The answer is all of the data repeated exactly, with each picture omitted.

● **Provided data**:
※ ※ ※

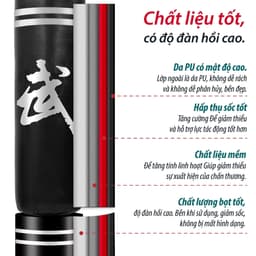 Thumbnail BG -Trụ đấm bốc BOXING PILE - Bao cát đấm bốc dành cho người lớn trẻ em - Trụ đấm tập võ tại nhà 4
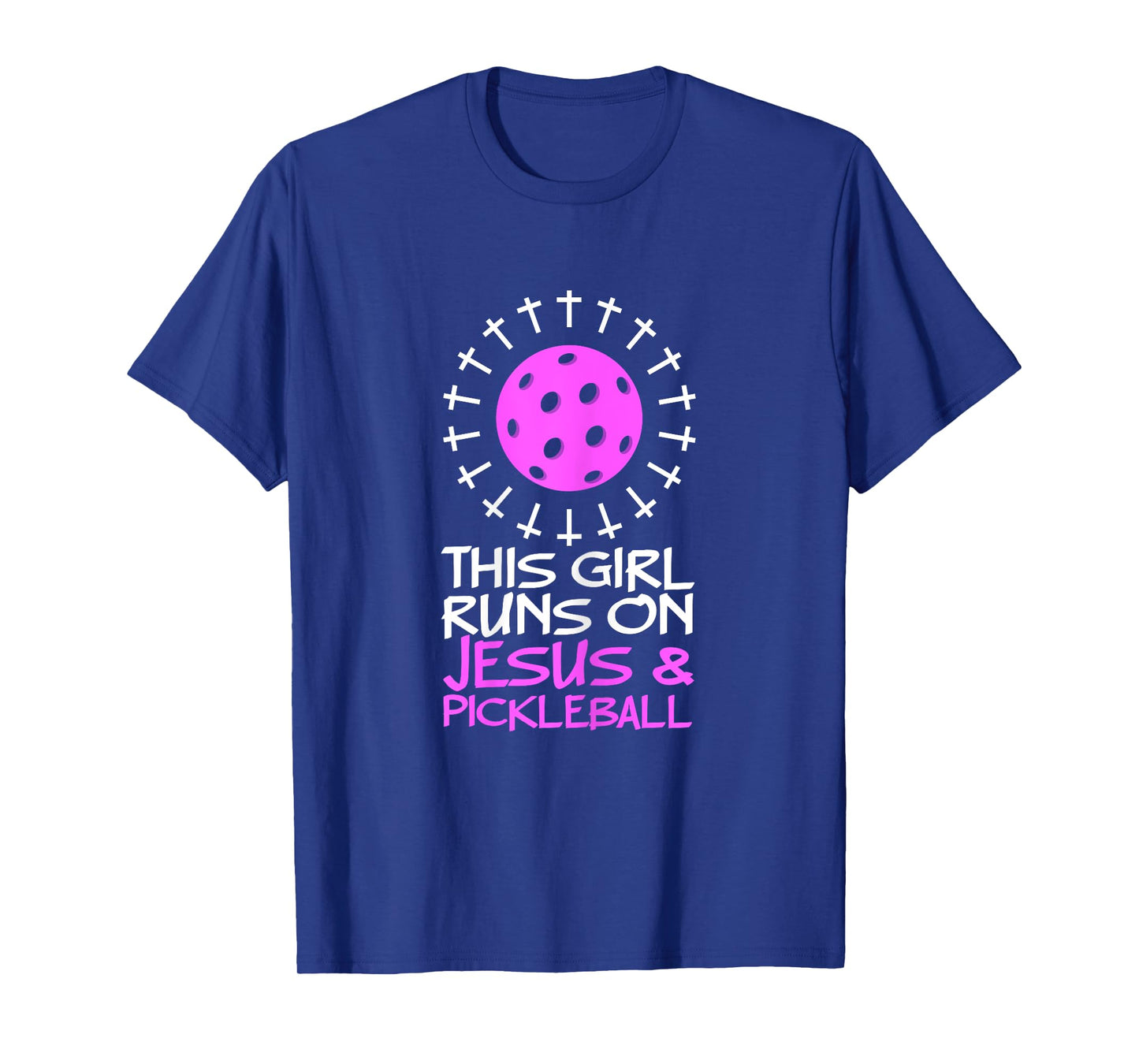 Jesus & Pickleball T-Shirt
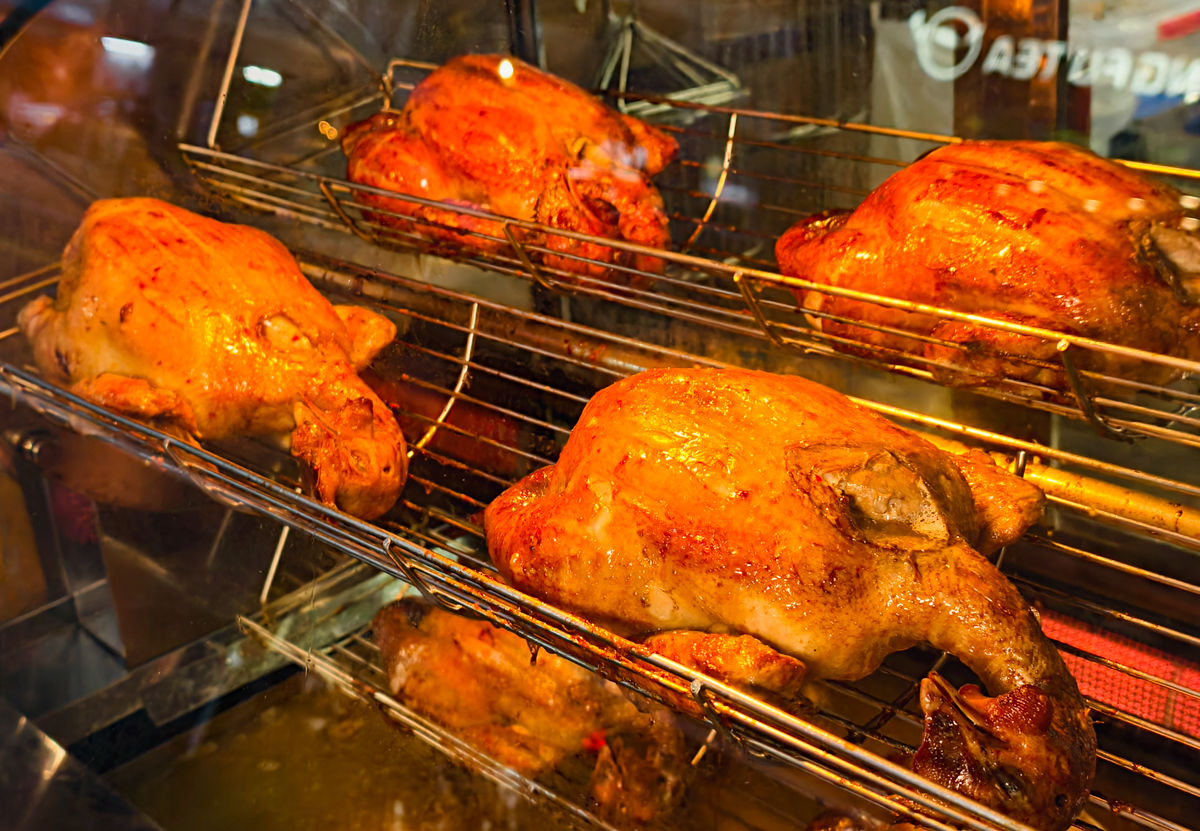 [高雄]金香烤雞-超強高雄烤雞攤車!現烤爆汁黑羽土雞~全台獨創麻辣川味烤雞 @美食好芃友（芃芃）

※ ※ ※

● **Result**:
 Thumbnail BG -Trụ đấm bốc BOXING PILE - Bao cát đấm bốc dành cho người lớn trẻ em - Trụ đấm tập võ tại nhà 4
 Jesus & Pickleball T-Shirt
 [高雄]金香烤雞-超強高雄烤雞攤車!現烤爆汁黑羽土雞~全台獨創麻辣川味烤雞 @美食好芃友（芃芃）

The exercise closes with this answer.